Most of the activity during the week was in the large bank stocks.
AIB results in mid week provided a focus and the bank put on 7p over the week to close at 358p a share.
Mr John Conway, food and banks analyst at Bloxham Stockbrokers, noted that AIB is closing the share price gap on Bank of Ireland.
Last week, one domestic institution was moving out of Bank of Ireland into AIB while another was moving out of AIB into Bank of Ireland, he said.
But the switch into AIB was sustained and, as a result, the share price gap has narrowed to 80p from 100p at the beginning of January.
However, AIB is going ex dividend on Monday which will widen the gap to around 90p, he said. There was little activity in other financial stocks.
In the food sector, Greencore and Golden Vale have provided the main focus.
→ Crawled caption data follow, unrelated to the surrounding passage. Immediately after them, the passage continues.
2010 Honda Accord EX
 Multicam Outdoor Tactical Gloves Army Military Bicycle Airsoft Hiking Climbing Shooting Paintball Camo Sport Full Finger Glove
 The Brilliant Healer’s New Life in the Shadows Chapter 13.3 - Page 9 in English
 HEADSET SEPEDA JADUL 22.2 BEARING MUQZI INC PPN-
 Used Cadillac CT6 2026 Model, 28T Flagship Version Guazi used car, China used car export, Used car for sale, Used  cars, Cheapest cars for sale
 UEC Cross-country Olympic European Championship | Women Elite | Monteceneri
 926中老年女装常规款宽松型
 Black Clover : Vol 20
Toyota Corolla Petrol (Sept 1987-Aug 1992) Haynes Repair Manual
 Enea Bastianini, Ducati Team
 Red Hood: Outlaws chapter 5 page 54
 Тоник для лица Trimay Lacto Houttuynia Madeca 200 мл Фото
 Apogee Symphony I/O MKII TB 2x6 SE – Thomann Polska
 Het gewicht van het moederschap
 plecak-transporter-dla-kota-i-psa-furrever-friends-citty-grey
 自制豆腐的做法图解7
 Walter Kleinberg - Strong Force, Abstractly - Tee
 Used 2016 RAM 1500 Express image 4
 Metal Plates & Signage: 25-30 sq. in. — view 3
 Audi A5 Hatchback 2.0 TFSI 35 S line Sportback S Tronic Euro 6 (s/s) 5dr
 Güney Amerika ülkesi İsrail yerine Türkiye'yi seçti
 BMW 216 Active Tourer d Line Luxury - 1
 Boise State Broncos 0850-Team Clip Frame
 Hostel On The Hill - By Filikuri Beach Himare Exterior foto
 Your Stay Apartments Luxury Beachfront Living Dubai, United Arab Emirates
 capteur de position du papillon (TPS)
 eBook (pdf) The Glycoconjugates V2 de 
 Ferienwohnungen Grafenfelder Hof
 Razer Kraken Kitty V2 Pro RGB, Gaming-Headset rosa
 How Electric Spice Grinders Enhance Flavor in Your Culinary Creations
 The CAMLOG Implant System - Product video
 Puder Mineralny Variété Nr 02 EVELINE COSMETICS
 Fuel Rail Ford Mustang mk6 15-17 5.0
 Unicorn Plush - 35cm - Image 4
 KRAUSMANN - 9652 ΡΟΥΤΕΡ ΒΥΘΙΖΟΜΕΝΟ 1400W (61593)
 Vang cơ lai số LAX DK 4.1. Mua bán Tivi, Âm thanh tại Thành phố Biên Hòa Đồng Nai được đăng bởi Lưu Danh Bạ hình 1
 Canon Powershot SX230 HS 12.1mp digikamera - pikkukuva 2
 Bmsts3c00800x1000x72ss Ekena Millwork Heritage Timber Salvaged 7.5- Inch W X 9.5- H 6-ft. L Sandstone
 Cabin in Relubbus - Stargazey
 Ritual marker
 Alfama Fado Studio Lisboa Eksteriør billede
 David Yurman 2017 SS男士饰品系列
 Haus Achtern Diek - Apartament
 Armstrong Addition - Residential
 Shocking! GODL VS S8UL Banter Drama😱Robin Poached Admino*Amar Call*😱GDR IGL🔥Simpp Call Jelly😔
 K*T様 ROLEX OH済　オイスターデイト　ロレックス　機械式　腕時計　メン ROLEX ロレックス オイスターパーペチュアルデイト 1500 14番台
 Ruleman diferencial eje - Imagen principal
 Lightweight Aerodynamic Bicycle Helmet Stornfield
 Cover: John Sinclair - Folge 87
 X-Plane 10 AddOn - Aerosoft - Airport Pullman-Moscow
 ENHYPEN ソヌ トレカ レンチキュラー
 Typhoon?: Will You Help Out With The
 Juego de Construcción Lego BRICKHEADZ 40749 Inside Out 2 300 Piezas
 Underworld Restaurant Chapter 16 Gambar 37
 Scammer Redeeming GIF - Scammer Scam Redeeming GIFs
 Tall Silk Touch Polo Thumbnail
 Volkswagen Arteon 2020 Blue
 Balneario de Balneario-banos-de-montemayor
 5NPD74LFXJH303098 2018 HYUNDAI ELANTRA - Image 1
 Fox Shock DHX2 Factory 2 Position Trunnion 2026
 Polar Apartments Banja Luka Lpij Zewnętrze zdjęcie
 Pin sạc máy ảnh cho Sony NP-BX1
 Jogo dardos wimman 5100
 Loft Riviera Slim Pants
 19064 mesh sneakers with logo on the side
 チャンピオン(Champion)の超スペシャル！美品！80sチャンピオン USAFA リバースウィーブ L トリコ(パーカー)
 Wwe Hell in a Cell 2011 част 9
Greencore closed at 565p in Dublin and 583p sterling in London, from 552p a week earlier.
"The shares have suddenly started moving after a long period in the doldrums," said Mr Conway. "It could be the market anticipating a share scrip at the end of the month."
Golden Vale weakened early in the week. However, by yesterday it had put on 5 per cent to close at 72p.
News that Kerry Co operative Society is close to reducing its 52.2 per cent stake in Kerry Group boosted the group's share price by 5p over the week to close at 520p.
The main question is whether the shares are placed locally or overseas," said Mr Conway.
"An overseas holder would be preferable but there must be a question mark over whether any oversees buyer would pay the high price/earnings ratio Kerry is on.
Kerry Group is trading at a p/e of 17 times 1996 earnings, Mr Conway said "which is very high for any food stock, particularly an Irish one".
Activity was more muted on the bond front. International bond markets were "soggy" all week and Ireland was swept up in the weakening drift from the US and Germany, said Mr Dermot Brien, economist at NCB Stockbrokers.
In addition, the Irish market was looking expensive and international players stayed away, he added.
"In the last few weeks, spread plays between Britain and Ireland and Denmark have boosted liquidity," said Mr O'Brien. "The market will have to cheapen up a little, before we see a return to that.
Participants are also nervous as yields are around the levels last seen towards the end of 1993, just before global bond markets lost substantial amounts.
Mr O'Brien is confident that the different economic situation this time, with low inflation in the US and Europe, should stave off another fall. But, nevertheless, bad memories persist, he said.